The tasks in this workflow require python dependencies such as RAPIDS’ cuML for clustering and sentence_transformers for embedding our headline dataset. Here we use flytekit’s ImageSpec to build an image with our require dependencies.

image = ImageSpec(
    name="sentence-transformer",
    python_version="3.11",
    packages=["union", "sentence-transformers==3.0.1"],
    conda_packages=[
        "cuml=24.08",
        "scikit-learn==1.4.*",
        "pytorch-cuda=12.1",
        "pytorch==2.4.0",
    ],
    conda_channels=["nvidia", "pytorch", "rapidsai"],
    registry=os.environ.get("IMAGE_SPEC_REGISTRY"),
)

Embedding the headline data#

For embedding the headlines, we will use the all-MiniLM-L6-v2 model to convert the headlines into a 384 dimensional vector. For faster iterations, we define a download_sentence_transformer task to download the model and cache it with Union.

@task(
    requests=Resources(cpu="2", mem="6Gi"),
    container_image=image,
    cache=True,
    cache_version="v2",
)
def download_sentence_transformer() -> FlyteFile:
    from sentence_transformers import SentenceTransformer

    ctx = current_context()
    working_dir = Path(ctx.working_directory)
    model_cache = working_dir / "sentence_model"

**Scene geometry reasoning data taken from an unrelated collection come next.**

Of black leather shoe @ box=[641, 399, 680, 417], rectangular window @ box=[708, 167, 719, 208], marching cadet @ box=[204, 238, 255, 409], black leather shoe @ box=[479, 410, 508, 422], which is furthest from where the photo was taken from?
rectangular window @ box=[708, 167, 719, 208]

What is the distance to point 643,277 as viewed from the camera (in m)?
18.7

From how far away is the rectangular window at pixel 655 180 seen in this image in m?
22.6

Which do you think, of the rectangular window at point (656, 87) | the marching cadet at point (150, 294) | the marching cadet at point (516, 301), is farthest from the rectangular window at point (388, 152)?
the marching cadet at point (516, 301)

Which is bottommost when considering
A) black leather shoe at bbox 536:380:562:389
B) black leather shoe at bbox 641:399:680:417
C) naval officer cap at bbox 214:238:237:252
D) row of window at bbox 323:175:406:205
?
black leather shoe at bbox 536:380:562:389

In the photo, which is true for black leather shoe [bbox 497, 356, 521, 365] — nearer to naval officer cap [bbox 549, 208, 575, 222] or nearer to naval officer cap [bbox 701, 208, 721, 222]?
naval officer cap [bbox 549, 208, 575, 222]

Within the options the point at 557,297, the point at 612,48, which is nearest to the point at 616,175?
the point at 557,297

    model = SentenceTransformer("all-MiniLM-L6-v2")
    model.save(os.fspath(model_cache))

    model_cache_compressed = working_dir / "sentence_model.tar.gz"
    _compress(model_cache, model_cache_compressed)

    return model_cache_compressed

Finally, we use the sentence transformer to embed the headline data into an embedding matrix with 384 columns and the number of rows is equal to the number of headlines. With accelerator=A100 and gpu="1", the SentenceTransformer uses the GPU to compute the embedding.

@task(
    requests=Resources(gpu="1", cpu="2", mem="2Gi"),
    accelerator=A100,
    container_image=image,
    cache=True,
    cache_version="v1",
)
def embed_headlines(
    headline_data: FlyteFile, sentence_transformer: FlyteFile
) -> FlyteFile:
    from sentence_transformers import SentenceTransformer
    import numpy as np
    import pandas as pd

    ctx = current_context()
    working_dir = Path(ctx.working_directory)
    sentence_model = working_dir / "sentence_transformer"
    sentence_model.mkdir(exist_ok=True)

    # Load headline data
    df = pd.read_parquet(headline_data.remote_source)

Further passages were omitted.